DataStax is a data management company and its product provides commercial support, software, and cloud database-as-a-service based on Apache Cassandra. DataStax also provides event streaming support and a cloud service based on Apache Pulsar. We’ve talked with Chris Latimer, Vice President of Product Management for DataStax about the history of the company, its products, and the industry.
Can you tell us about the story of DataStax? What were the most important milestones?
DataStax is linked to the history of Apache Cassandra, the NoSQL database that was originally developed at Facebook, before being open-sourced. Jonathan Ellis is the co-founder of DataStax, was one of the most active members of the open-source community and was instrumental in getting the project adopted by the Apache Software Foundation. Since then, Cassandra has become the database that companies rely on when they need to run applications at a massive scale.

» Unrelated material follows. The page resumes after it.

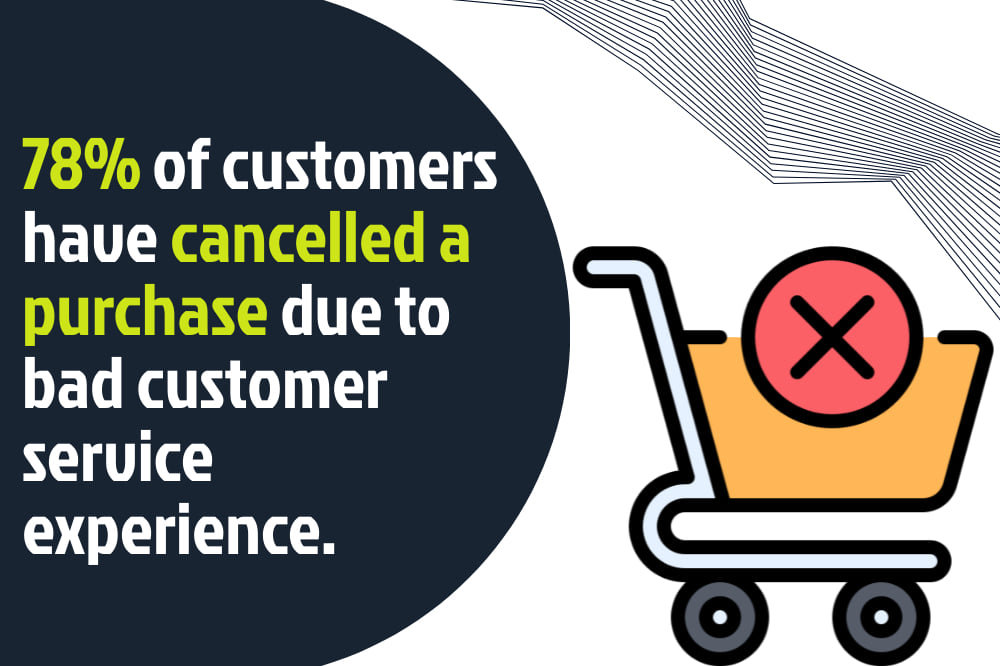 40 Customer Service Statistics and Facts You Should Know in 2024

Companies like Instagram, eBay, Facebook, Uber and Apple all run Cassandra, so it touches virtually everyone every day. For companies that want to provide service at this kind of scale, Cassandra keeps data always available and clusters operational across geo-distributed environments.

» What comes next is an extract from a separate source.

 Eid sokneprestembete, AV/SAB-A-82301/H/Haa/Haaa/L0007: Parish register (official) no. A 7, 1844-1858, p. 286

Over the past few years, DataStax has contributed code like its database drivers to the open-source community as well as supporting the development of Cassandra 4.0 with testing and other contributions. The company was the first to launch a serverless open-source database (Astra DB), which helps enterprises focus on innovation rather than database management. The future for Cassandra is very bright – the new release of 4.0 has gone through one of the most stringent series of testing processes because it has to be the most reliable database service ever. The world runs on Cassandra, so this new update has to be production-ready right from the start.
DataStax delivers the open, multi-cloud stack, purpose-built for modern data apps. What are the solutions that differentiate you from your competitors?
A: It’s the combination of open-source, serverless and multi-cloud support that makes DataStax different from competitors. Firstly, Apache Cassandra was built from the start to run across multiple locations, so that companies are not tied to a specific cloud provider and they can run across private, public and hybrid environments. With DataStax, companies can run the same service across multiple cloud regions, across multiple cloud providers, and across multiple geographies at massive scale.
Getting that Open Data Stack together is essential for companies to derive real-time value from their data and create new and innovative offerings in the data-driven economy. According to our State of the Data Race report, leading companies are four times more likely to use Apache Cassandra and Kubernetes along with at least two of Apache Spark, Apache Pulsar, Apache Kafka, and Elasticsearch. Getting this stack together involves more than just putting together individual components – instead, it is how this whole stack works together in production. For those companies that do succeed here, they are twice as likely to drive at least 20% of their revenues using data and analytics.
Building on this, DataStax makes it easier than ever to roll out that data stack for modern and modular applications over time without breaking the architecture. Astra DB simplifies the process of implementing cloud-native Cassandra applications, reducing deployment time from weeks to minutes. This delivers an unprecedented combination that makes it easy to adopt cloud-native applications alongside pay-as-you-go pricing with the freedom and agility of multi-cloud and open-source.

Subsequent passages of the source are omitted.